Elle mange davantage sans prendre de poids. Elle suit les cours, mais ne s'intéresse à rien, ne retient rien. Elle dort beaucoup, parfaitement immobile dans son lit, presque diaphane. Même ses empreintes, les traces qu'elle laisse, s'effacent bien trop vite. Parfois, son corps semble hurler qu'elle n'aurait jamais dû naître.
Ce monde la rejette, simplement.
Lundi, il y a deux jours, nous avons croisé Mathieu dans les couloirs. Gilbert l'avait envoyé en sixième année une semaine avant nous, pour qu'il puisse nous surveiller. Elle ne l'avait pas reconnu, ou plutôt : elle s'en fichait. Elle me fixait avec un regard absent, un petit sourire forcé gravé sur ses lèvres.

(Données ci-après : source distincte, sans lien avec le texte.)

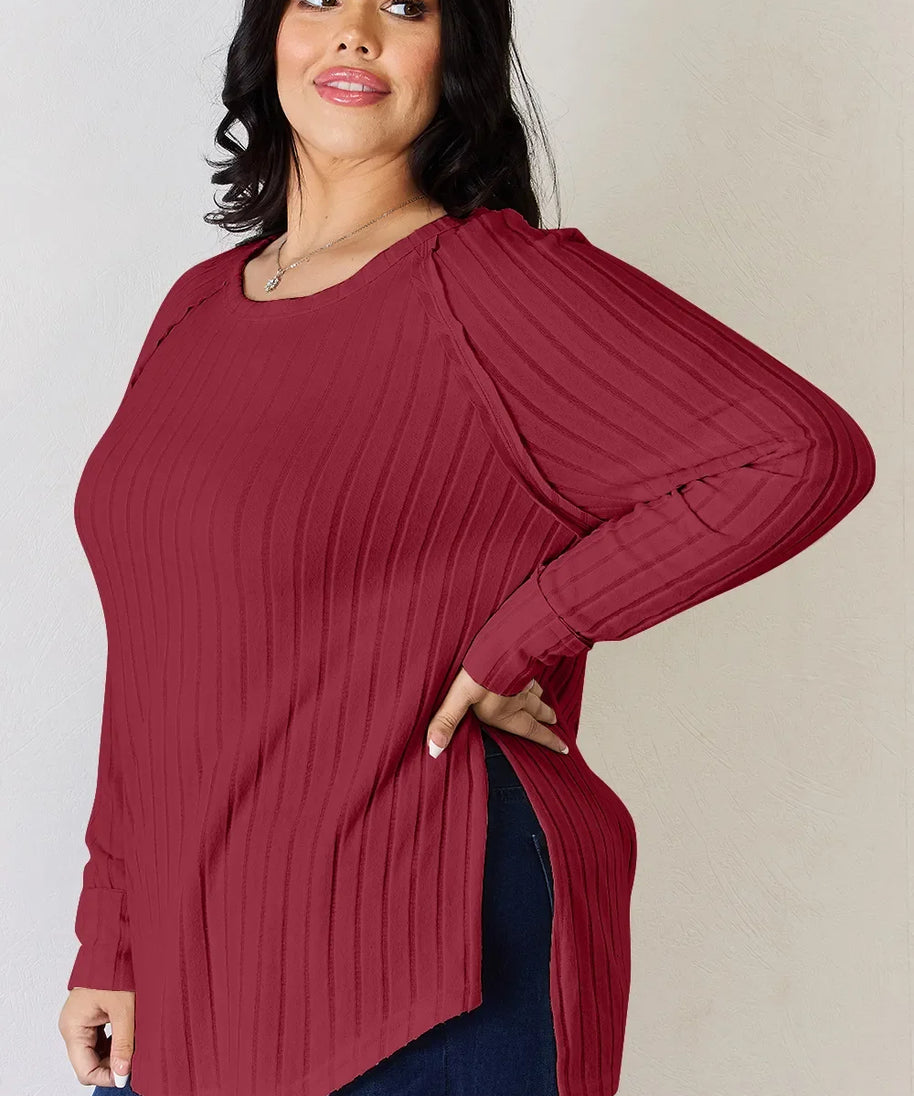 Basic Bae Full Size Ribbed Round Neck Slit T-Shirt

Mais, tous les soirs, elle m'écoute jouer du piano, assise contre le mur. Là alors, sa peau devient moins pâle et elle m'observe avec attention comme si, de mes doigts, je tissais une mélancolie qui imprègne son âme. Parfois, elle me serre quelques secondes contre elle, puis repart vers le dortoir, les jambes lasses. C'est la seule chose qui la fait réagir, avec les insultes que des imbéciles lancent sur ma famille au détour d'un couloir elle reste immobile, mais ses yeux reflètent une fureur semblable à la mienne. Le jour où elle la laissera s'exprimer…
Des insultes.
Encore des insultes.
Rien n'a changé.
Deux années sont passées, pourtant, deux longues années. Mais les Nightray sont toujours considérés avec ce mépris sournois et indécis, cette suffisance aveugle. Quels imbéciles, vraiment… Qui sont-ils pour cracher sur les cadavres et les souffrances de ma famille, sur ses ruines que nous tentons d'effacer ? Qui sont-ils pour empêcher la mémoire de demeurer mémoire ? Dans mes cauchemars je les imagine parfois, danser sur des flammes noires, et me sourire de lèvres plus obscures que l'Abysse. Et j'entends sans cesse leur voix :
« Sa famille a été décimée, mais le meurtrier a oublié un élément indésirable, apparemment. »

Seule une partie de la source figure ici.